Perhaps the worst part of it—unless I’m planting—is that at the end I can’t look back at what I’ve done and admire the beauty of my work. No. I’ve made the ground look like Swiss cheese. It looks worse now than it did when I started. It’s like organizing your dresser. First you take everything out and clean the bottoms of the drawers. But the day’s work ends there, and on Sunday’s the people file by and look confused. What is this supposed to be? What are all these holes?

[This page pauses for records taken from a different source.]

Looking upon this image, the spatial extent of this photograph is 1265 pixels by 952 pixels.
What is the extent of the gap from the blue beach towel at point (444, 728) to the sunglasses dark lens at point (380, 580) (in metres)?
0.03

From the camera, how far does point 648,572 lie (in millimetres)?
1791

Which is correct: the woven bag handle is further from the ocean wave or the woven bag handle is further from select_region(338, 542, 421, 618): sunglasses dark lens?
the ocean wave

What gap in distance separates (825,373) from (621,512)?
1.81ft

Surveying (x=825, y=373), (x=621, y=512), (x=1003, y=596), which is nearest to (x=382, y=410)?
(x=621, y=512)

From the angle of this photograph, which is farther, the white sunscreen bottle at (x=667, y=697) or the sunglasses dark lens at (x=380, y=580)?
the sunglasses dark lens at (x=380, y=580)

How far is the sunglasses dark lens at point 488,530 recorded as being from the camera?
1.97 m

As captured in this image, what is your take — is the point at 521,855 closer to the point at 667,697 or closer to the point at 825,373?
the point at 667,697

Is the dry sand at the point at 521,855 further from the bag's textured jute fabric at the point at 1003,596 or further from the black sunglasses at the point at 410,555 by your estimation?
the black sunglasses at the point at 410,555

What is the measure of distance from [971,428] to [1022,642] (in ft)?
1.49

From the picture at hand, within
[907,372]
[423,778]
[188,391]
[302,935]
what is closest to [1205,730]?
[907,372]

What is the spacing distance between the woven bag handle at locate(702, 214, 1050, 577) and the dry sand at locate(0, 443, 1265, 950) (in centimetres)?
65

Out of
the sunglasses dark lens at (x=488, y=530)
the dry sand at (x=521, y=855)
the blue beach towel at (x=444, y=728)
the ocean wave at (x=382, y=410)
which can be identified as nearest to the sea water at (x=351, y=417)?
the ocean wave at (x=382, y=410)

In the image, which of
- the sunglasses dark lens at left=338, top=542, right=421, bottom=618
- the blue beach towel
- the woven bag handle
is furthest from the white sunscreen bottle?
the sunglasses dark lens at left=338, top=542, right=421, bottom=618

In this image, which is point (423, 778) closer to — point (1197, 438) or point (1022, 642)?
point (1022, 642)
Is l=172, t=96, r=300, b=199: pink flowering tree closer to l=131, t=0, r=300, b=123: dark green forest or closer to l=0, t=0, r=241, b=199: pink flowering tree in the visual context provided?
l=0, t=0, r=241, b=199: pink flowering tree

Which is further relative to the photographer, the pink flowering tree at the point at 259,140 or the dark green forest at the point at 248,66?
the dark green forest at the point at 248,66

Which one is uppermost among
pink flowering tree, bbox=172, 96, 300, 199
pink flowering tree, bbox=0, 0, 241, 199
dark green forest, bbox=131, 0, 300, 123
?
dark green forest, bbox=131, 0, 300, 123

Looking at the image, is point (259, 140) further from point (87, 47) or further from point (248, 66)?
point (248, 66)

I guess any average Joe would feel the same way if his house was raised and he saw all the under guts of ABS drains, Verizon cables, copper pipes, and support braces. I think that 75%—no 85% of redoing the landscape happens under the dirt where no man, woman, or child will ever say, “Oh my! What a fine PVC gluing that is!” or “Look at how deep you dug that hole! It’s amazing!”

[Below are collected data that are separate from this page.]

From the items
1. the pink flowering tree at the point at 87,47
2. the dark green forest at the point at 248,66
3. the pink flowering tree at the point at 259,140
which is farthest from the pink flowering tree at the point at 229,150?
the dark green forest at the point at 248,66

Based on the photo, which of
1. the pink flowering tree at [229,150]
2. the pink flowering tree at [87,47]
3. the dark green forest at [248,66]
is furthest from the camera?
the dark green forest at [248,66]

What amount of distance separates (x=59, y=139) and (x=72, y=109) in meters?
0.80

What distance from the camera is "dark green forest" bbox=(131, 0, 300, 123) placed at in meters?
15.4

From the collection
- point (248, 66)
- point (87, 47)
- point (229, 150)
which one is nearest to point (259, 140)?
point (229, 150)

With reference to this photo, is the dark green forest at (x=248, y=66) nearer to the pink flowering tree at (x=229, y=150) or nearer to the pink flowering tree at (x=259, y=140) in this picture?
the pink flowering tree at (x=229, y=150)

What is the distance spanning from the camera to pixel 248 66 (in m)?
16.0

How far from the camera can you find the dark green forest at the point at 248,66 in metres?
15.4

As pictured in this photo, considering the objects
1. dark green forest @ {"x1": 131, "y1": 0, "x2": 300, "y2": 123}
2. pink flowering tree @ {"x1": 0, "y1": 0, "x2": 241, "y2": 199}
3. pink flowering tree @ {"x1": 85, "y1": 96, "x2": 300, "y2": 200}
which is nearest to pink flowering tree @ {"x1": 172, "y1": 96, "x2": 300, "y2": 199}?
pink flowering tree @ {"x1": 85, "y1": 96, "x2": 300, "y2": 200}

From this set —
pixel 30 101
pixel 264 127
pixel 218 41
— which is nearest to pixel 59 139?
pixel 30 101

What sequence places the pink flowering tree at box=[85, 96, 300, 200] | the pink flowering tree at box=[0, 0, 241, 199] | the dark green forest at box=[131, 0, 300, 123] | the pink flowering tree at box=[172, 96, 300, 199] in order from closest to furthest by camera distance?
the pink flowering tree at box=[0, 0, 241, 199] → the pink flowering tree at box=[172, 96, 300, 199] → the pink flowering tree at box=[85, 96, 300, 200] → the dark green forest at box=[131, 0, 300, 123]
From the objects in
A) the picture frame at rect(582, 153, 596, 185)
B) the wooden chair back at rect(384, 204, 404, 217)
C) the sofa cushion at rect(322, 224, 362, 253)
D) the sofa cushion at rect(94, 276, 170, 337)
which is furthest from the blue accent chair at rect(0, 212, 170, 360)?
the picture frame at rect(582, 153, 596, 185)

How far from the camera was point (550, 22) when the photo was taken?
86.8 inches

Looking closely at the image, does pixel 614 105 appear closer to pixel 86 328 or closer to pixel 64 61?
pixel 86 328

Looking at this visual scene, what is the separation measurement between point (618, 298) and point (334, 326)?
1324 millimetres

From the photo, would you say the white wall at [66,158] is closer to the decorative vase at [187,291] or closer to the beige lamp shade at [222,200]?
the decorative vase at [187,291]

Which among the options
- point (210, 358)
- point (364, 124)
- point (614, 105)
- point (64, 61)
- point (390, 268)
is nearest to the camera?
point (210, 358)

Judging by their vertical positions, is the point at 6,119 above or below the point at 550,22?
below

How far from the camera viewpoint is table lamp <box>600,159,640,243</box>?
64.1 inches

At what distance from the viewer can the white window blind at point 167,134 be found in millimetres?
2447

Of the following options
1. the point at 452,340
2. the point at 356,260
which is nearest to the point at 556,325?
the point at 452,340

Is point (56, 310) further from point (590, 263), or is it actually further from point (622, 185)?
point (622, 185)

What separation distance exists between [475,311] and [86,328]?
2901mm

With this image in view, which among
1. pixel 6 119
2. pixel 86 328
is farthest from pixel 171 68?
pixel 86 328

I don’t want the praise, I want the beauty, but no, that doesn’t come until the plants go in, and when they do, the beauty grows and grows every week. The Crape Myrtle is blooming! A hummingbird drinks in our fountain. The Boston Ivy has taken hold! The Spider Plant is trying to spread again. Should we cut back the Kangaroo Plant?

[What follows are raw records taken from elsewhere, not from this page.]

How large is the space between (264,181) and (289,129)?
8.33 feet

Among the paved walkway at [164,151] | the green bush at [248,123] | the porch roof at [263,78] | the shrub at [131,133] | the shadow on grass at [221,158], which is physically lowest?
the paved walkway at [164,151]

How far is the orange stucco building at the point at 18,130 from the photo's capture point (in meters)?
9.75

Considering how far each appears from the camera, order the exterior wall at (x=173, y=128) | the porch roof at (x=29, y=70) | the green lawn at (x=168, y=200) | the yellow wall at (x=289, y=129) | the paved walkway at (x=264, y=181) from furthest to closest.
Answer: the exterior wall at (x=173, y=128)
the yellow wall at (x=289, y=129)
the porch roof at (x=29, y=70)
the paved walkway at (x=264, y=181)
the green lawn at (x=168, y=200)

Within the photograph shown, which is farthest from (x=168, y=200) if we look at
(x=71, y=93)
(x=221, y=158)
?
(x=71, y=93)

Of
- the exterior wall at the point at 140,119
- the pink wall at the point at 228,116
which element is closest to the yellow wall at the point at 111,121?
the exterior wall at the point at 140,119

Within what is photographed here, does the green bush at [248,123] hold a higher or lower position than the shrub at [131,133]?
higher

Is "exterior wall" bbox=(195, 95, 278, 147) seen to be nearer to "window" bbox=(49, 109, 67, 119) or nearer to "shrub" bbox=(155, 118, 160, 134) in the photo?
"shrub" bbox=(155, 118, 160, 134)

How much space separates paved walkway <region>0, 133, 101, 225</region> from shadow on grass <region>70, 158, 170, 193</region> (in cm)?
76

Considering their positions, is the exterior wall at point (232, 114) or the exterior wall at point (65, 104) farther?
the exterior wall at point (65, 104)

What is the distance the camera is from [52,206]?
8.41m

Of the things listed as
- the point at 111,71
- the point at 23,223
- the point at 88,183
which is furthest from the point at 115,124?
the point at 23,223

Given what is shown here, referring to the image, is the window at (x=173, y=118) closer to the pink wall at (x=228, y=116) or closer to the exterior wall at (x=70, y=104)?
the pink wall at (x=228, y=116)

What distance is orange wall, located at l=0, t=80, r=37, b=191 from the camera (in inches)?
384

Is it funny or cruel that God does the best part of it? And isn’t it exactly the opposite in our furrowed and torn up souls. God is laying the lines for new drainage and better irrigation. He digs the holes, he plants the plants, and then we take charge of the garden, trimming here and there, watching the plants grow, dropping chlorine tablets in the fountain, raking up the fallen leaves. All of it is useless without the pipes that are running beneath that dirt. But no, I don’t think that’s quite right, because just when I think my garden is right, there he goes with the demolition hammer, chiseling away what I thought looked lovely.

C.S. Lewis says it better than I, naturally.

“Imagine yourself as a living house. God comes in to rebuild that house. At first, perhaps, you can understand what He is doing. He is getting the drains right and stopping the leaks in the roof and so on: you knew that those jobs needed doing and so you are not surprised. But presently he starts knocking the house about in a way that hurts abominably and does not seem to make sense. What on earth is He up to? The explanation is that He is building quite a different house from the one you thought of—throwing out a new wing here, putting on an extra floor there, running up towers, making courtyards. You thought you were going to be made into a decent little cottage: but He is building a palace. He intends to come and live in it Himself.”

Comments

Grandma Seelye said…
I love your writing! And thanks for all that manual labor...a labor of love for God and his children.The project is beautiful!
We can hardly wait to see the finished product. WE so appreciate yours and Philip's hard work at church. It's refreshing to see a young couple you"gets it" when it comes to serving others. So cool!
Excellent job Abby, as usual. :)
Wilson Family said…
Love your writing, Abby!
josieO said…
I entirely enjoyed everything about this thought-provoking and honest post. Thanks for working so hard, Abby & Phil. I know we'll be the beneficiaries when we come home months from now and it's all in beautiful bloom.